=== Section Start ===

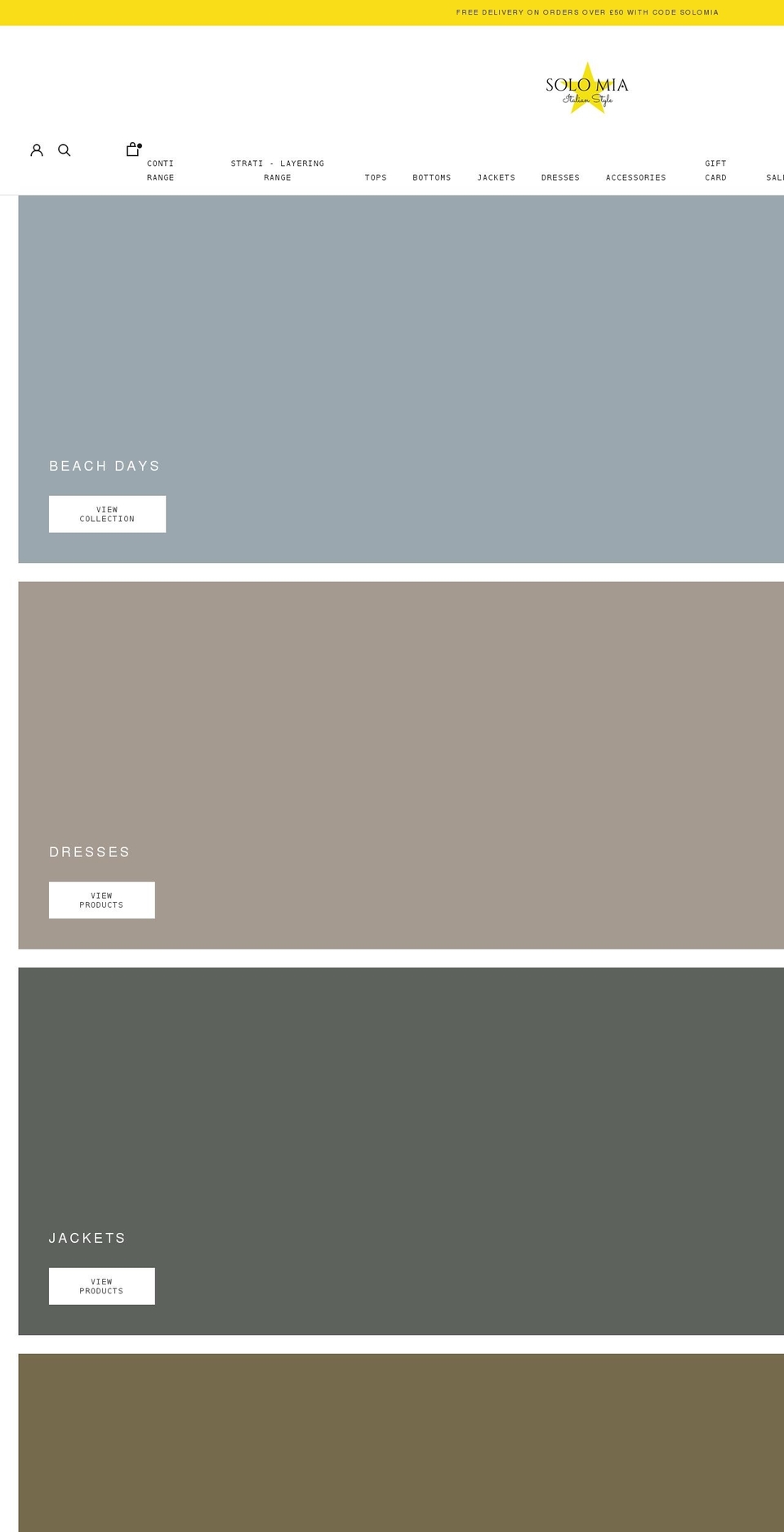 solo-mia.co.uk shopify website screenshot
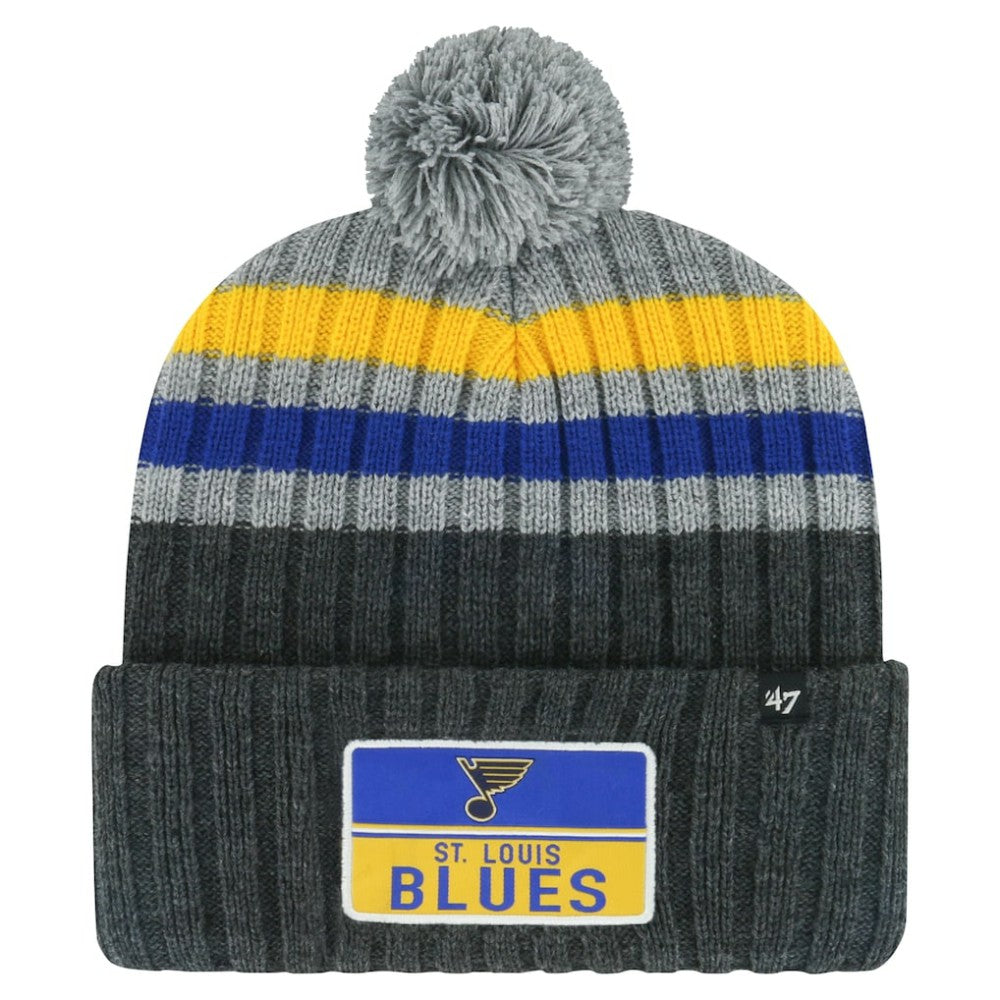 St. Louis Blues '47 Stack Patch Cuffed Knit Hat with Pom - Gray - NHL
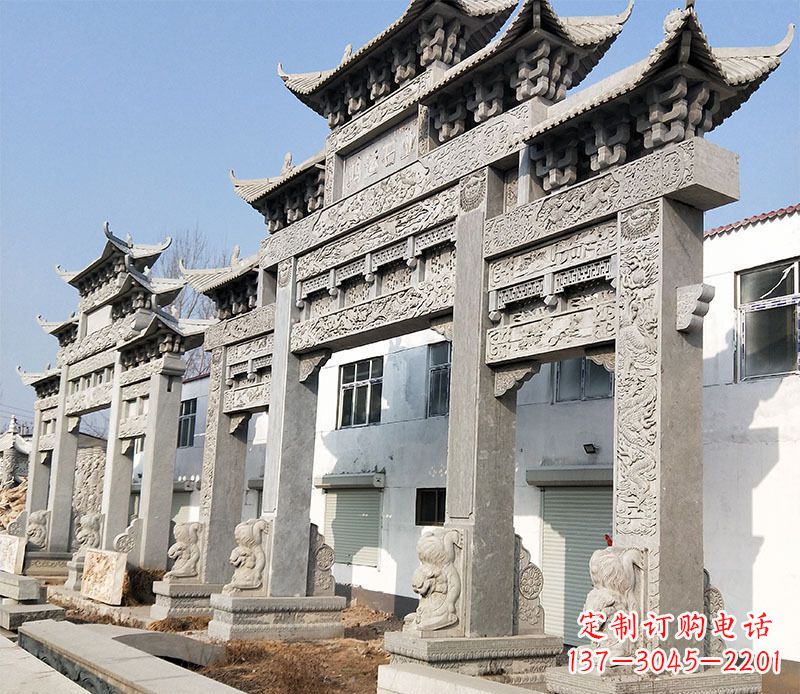 太原五门仿古牌坊石雕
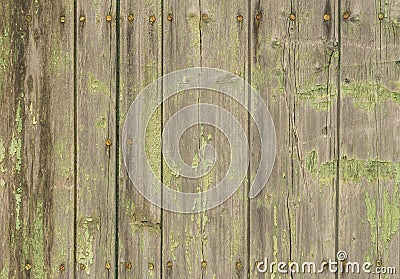 Old shabby wood wall with ruty nails Stock Photo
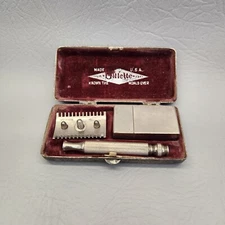 Vintage Gillette Pocket Razor Set Empire Pattern Silver Plate Case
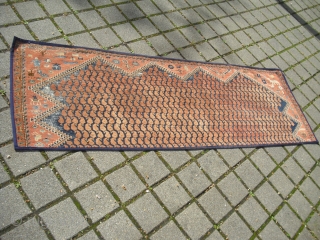 Antique unique SERABEND Carpet Fragment - probably from the End of the 19th century, blue color has been corroded - very decorativ (Size: 75 cm x 222 cm)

=== Section End ===

- Problem description
Set down again, exactly, the lines from the one with "Old shabby wood" to the last line of the data, both included and pictures excluded.

- Finished task
 Old shabby wood wall with ruty nails Stock Photo
 Vintage Gillette Pocket Razor Set Empire Pattern Silver Plate Case
 Antique unique SERABEND Carpet Fragment - probably from the End of the 19th century, blue color has been corroded - very decorativ (Size: 75 cm x 222 cm)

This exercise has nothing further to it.